Assumi o compromisso com os familiares de que manteria o serviço mesmo que tivesse de cortar recursos de outras áreas.
JORGE POZZOBOM
Prefeito de Santa Maria
Atualmente, seis funcionários atuam no local. Os contratos temporários se encerram em fevereiro, e um concurso público foi realizado no ano passado para suprir as vagas. Ciente da situação, o prefeito de Santa Maria, Jorge Pozzobom (PSDB), promete dar continuidade à iniciativa ainda que o termo de compromisso com União e Estado não seja renovado, mas diz que fará mudanças. A primeira delas é transferir o programa para um imóvel próprio e convidar a associação de familiares a se instalar no local, que ainda precisa de reforma.

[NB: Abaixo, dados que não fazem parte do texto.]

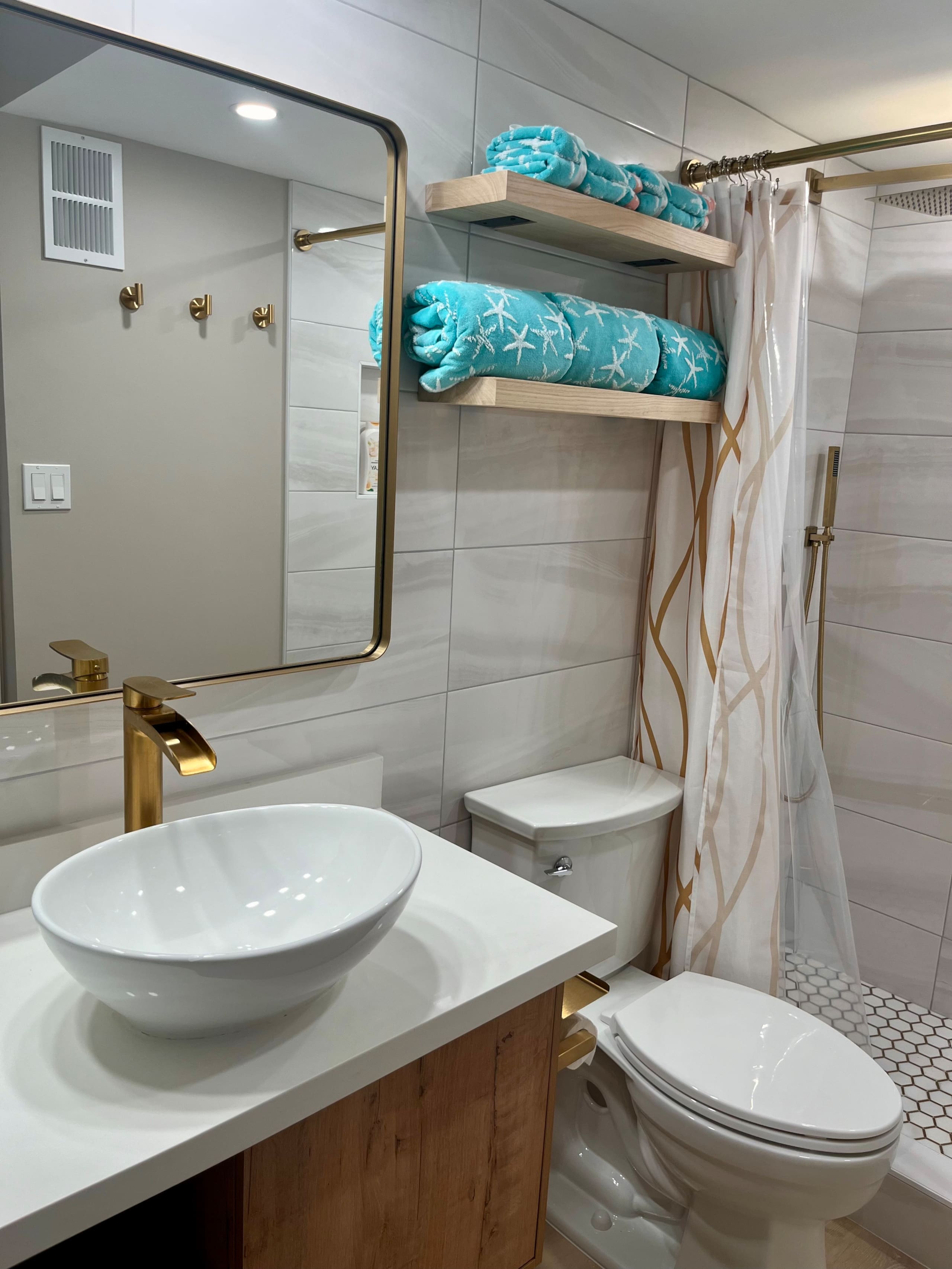 20*High Floor Waikiki Ocean View Condo w/Balcony - Image 43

— Assumi o compromisso com os familiares de que manteria o serviço mesmo que tivesse de cortar recursos de outras áreas. Vou cumprir a promessa. O tratamento não vai parar — garante Pozzobom.
O prefeito diz que irá convocar os concursados aos poucos, à medida que as finanças municipais permitirem. Enquanto não puder completar o time, promete realocar profissionais de outras áreas da Secretaria Municipal da Saúde para dar conta da demanda.
Outra medida prevista, segundo a coordenadora da Atenção Psicossocial de Santa Maria, Cláudia Pinto Malhado Melo, é ampliar as possibilidades de atendimento:
— Entendemos que a estrutura pode e deve abrir as portas para outras vítimas de traumas, mas tudo isso será conversado com a associação. Estamos trabalhando juntos.